**TASK REQUIREMENTS**
Only text belongs in your copy of the listing below; reproduce it exactly and leave out the pictures.

**THE DATA**
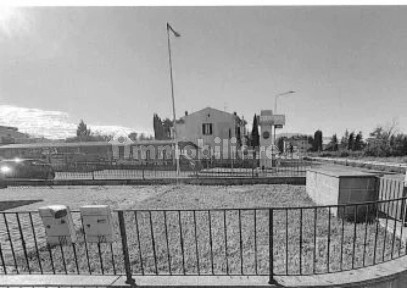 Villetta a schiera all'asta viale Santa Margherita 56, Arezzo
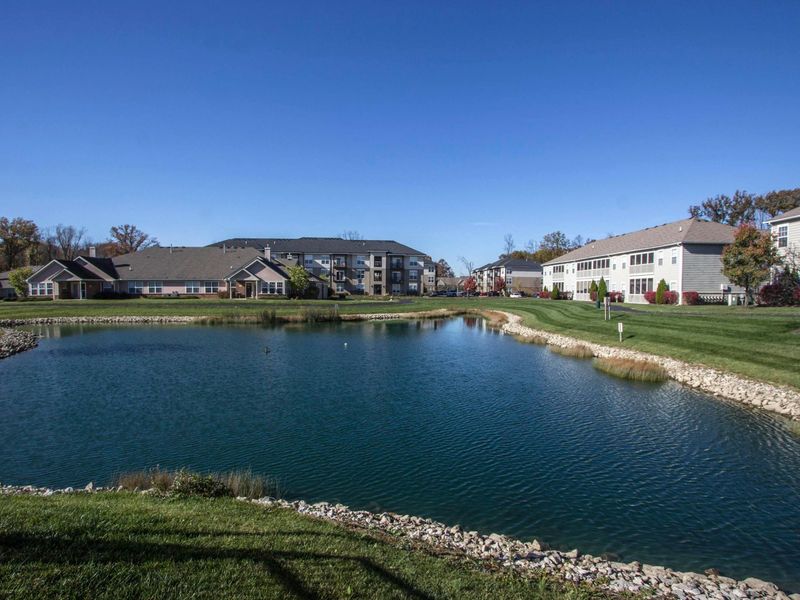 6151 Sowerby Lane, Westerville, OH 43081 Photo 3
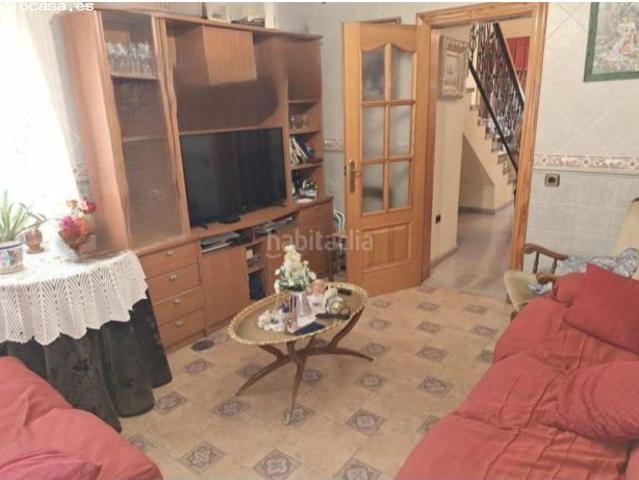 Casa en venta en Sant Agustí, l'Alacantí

**YOUR SOLUTION**
 Villetta a schiera all'asta viale Santa Margherita 56, Arezzo
 6151 Sowerby Lane, Westerville, OH 43081 Photo 3
 Casa en venta en Sant Agustí, l'Alacantí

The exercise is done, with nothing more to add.